Lóng — The Chinese Dragon
The Chinese dragon inverts the Western valence: almost wholly auspicious — rain-bringer, ancestor, emperor's emblem, eternal chaser of the flaming pearl.

In China the tradition inverts the Western valence entirely: the dragon is almost wholly auspicious — rain-bringer, river-spirit, emblem of the emperor, ancestor of the people ("descendants of the dragon"). The Azure Dragon of the East governs spring and the dawn quadrant of the sky; Dragon Kings rule the four seas from crystal palaces; dragon veins (*lóng mài*) carry the qi of the land through mountains — feng shui is literally the art of living well on the dragon's body.
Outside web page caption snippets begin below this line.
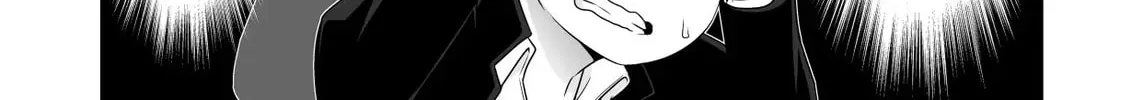 Devil Chi Chapter 87 page 4 - 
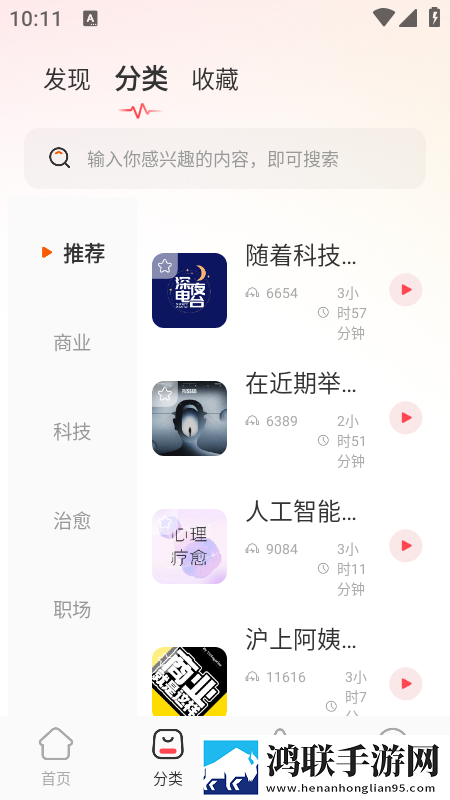 我和80多岁肥胖老太太结婚好吗轻量版下载,我和80多岁肥胖老太太结婚好吗周年纪念版下载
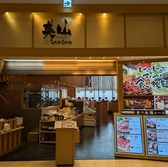 しゃぶしゃぶ美山　土浦店の雰囲気3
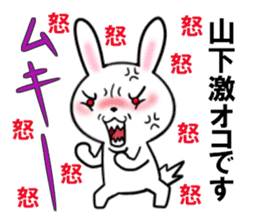 fcf rabbit part37 sticker #13577326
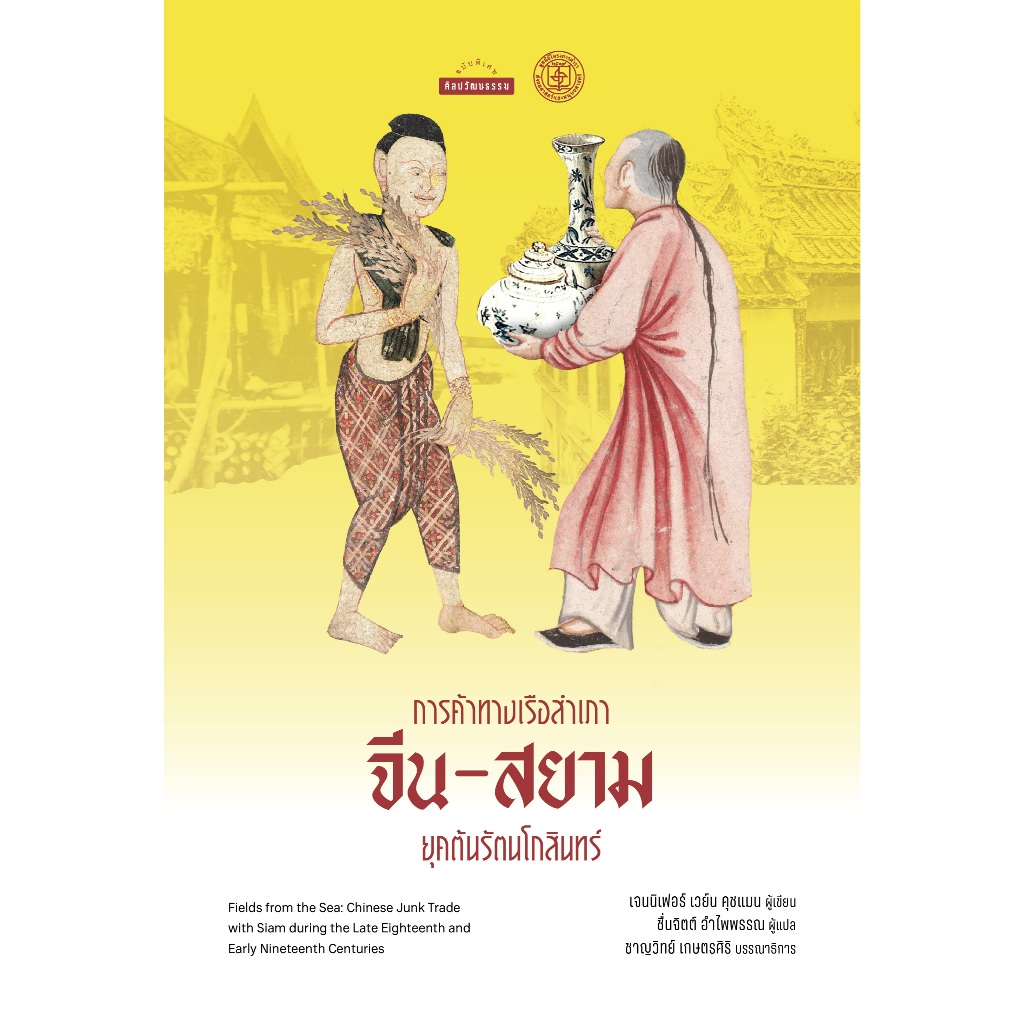 การค้าทางเรือสำเภาจีน-สยาม ยุคต้นรัตนโกสินทร์ สำนักพิมพ์มติชน Matichonbook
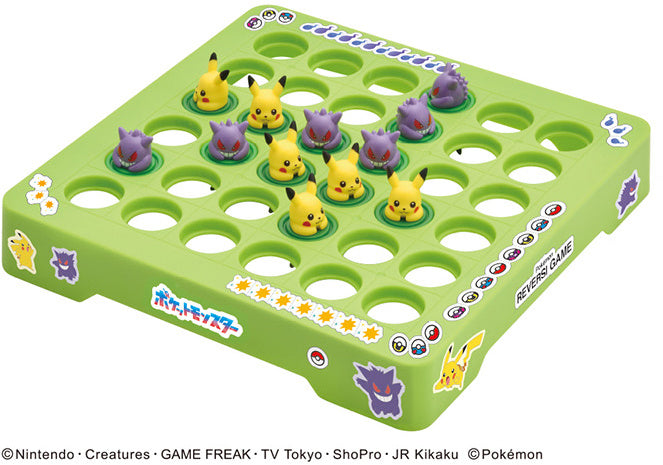 Reversi Game: Pikachu and Gangar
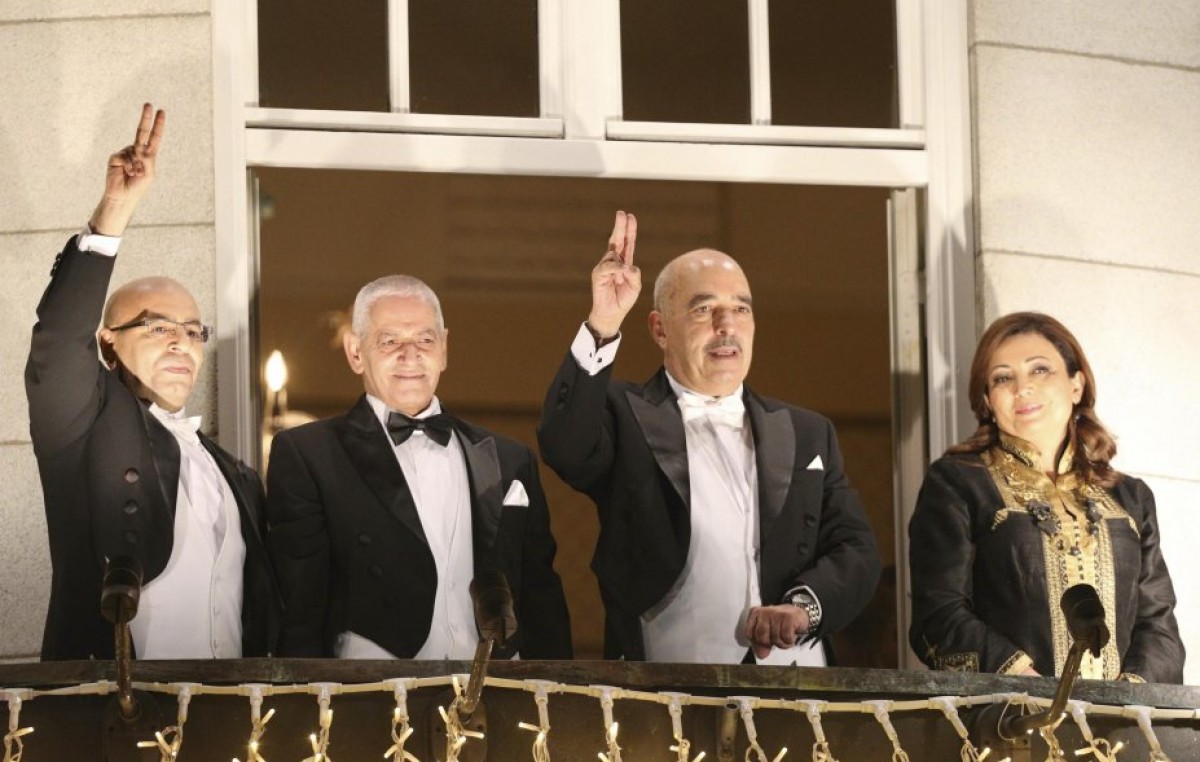 Entregaron el Nobel de la Paz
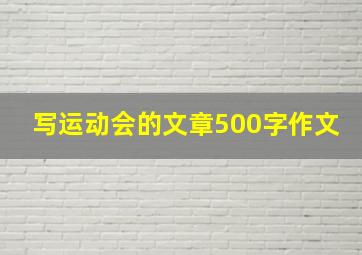 写运动会的文章500字作文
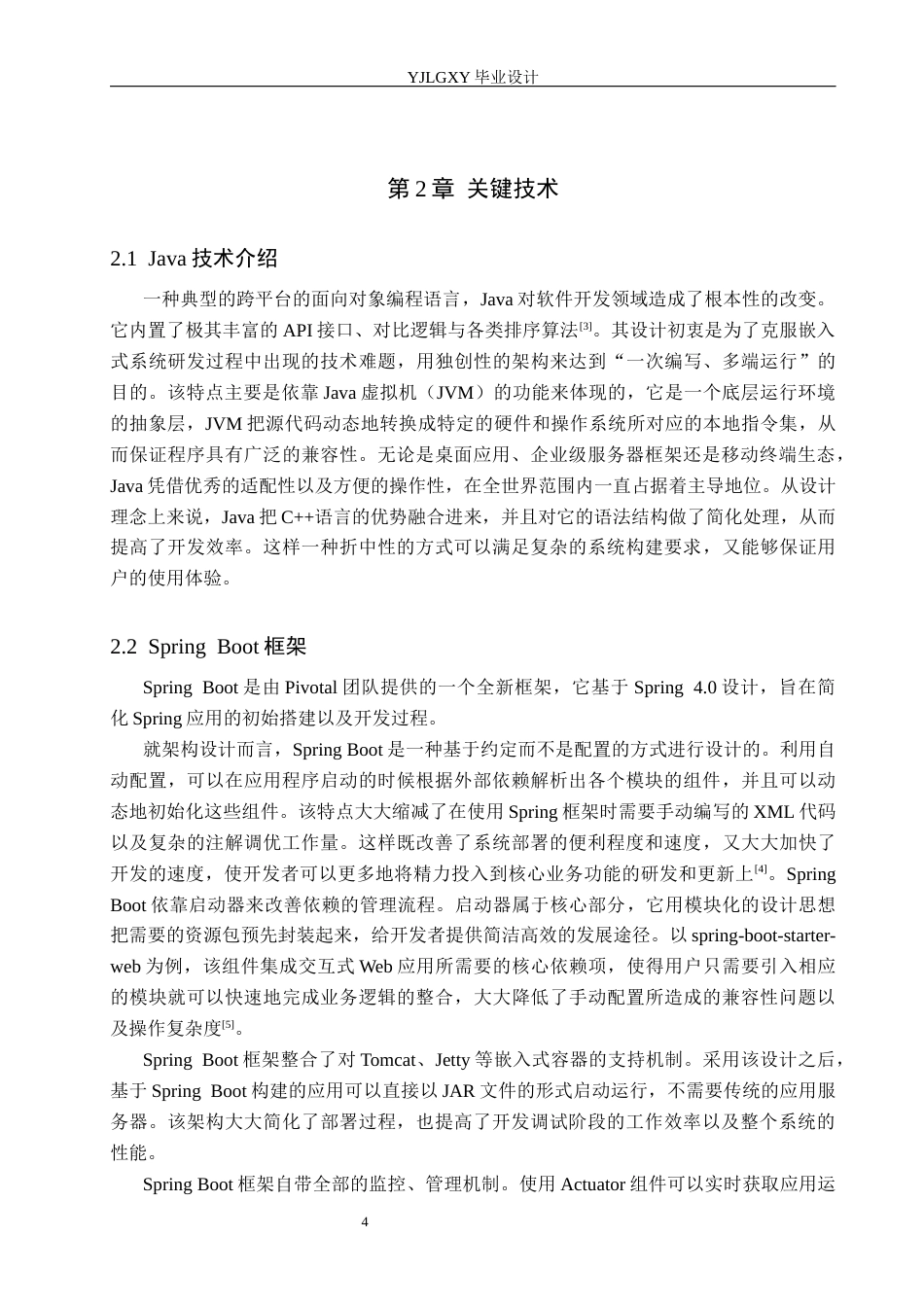 26年WP计算机科学与技术 基于Spring Boot的“画中书”小说阅读平台系统的设计与实现4.79-AI_1(22489字).docx_第8页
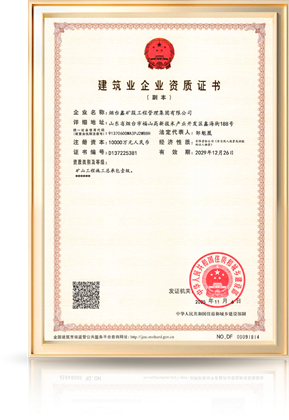certificate-2.png certificate-2.png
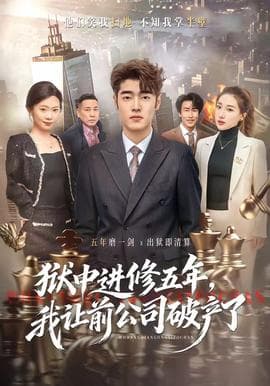 狱中进修五年，我让前公司破产了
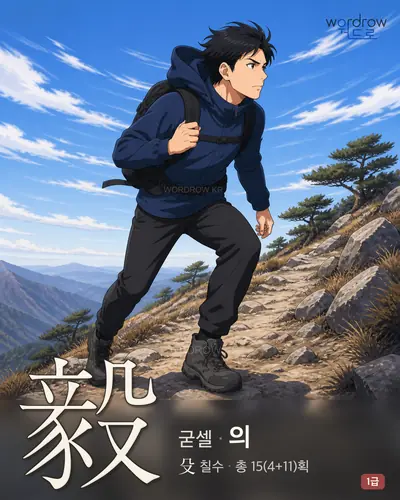毅 (굳셀 의) - 1급 한자 일러스트 카드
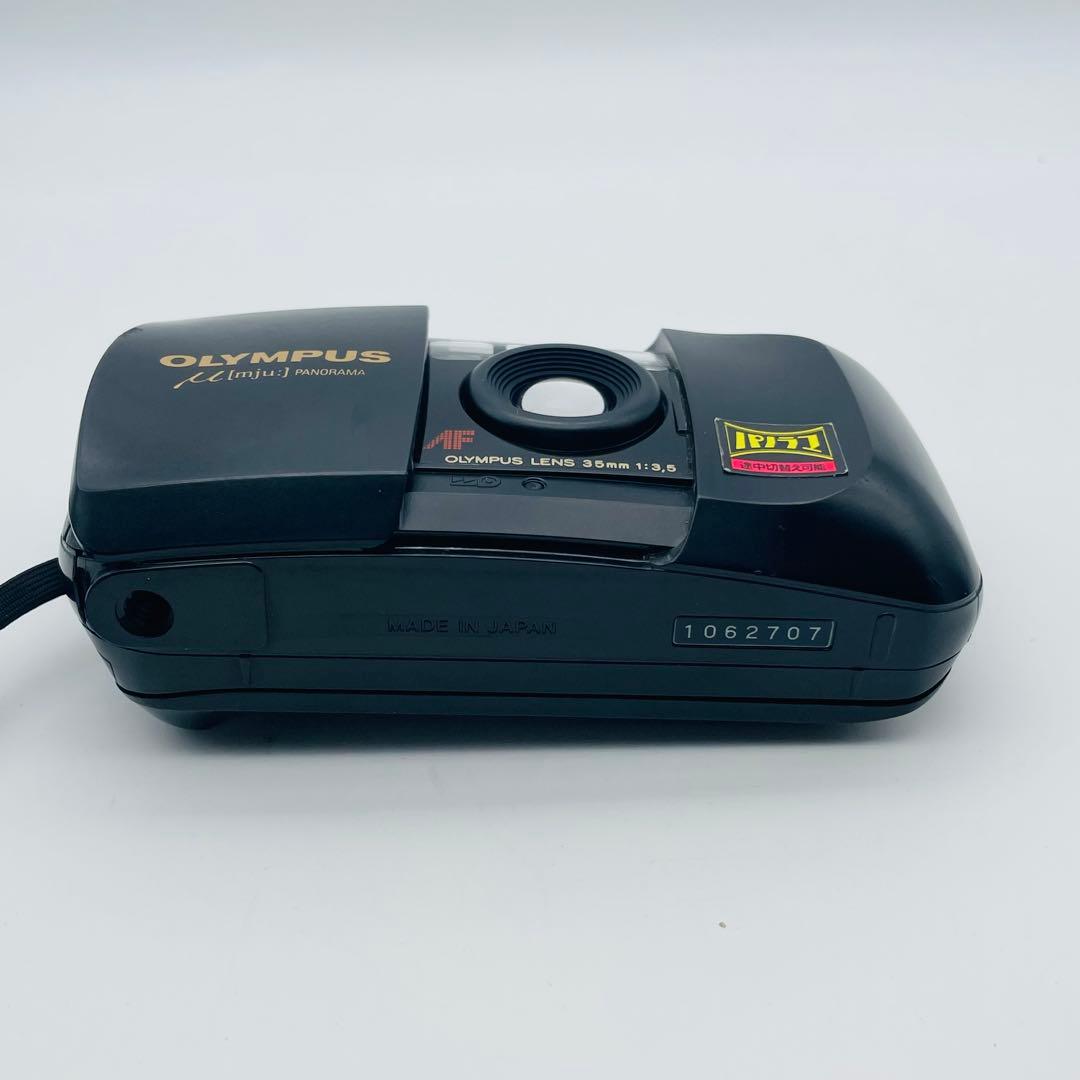 【動作確認済み】OLYMPUS μ［mju:］PANORAMA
The classic image of the **dragon chasing the flaming pearl**: the pearl is variously the moon, thunder, wisdom, the pearl of potentiality — the dragon eternally pursuing the luminous egg. And the proverb *huà lóng diǎn jīng* — "paint the dragon, dot the eyes": the master painter's dragons flew away when he dotted their pupils. The final touch of consciousness brings the image to life.
The SGE Reading
Essence stage as *cultural default*: an entire civilization that never needed to demonize the serpent.
Canon Resonance
The saga's Eastern counter-testimony: the dragon can be, from the start, home.
A Micro-Practice
Think of one thing you have always assumed had to be feared. Ask: *what if a whole other civilization would have called this auspicious?*
Sources & Respect
*Shan Hai Jing*; *Zhouyi*; Zhang Sengyou's dragon-eye legend (*Lidai Minghua Ji*).
Living Chinese tradition, from cosmology to New Year iconography.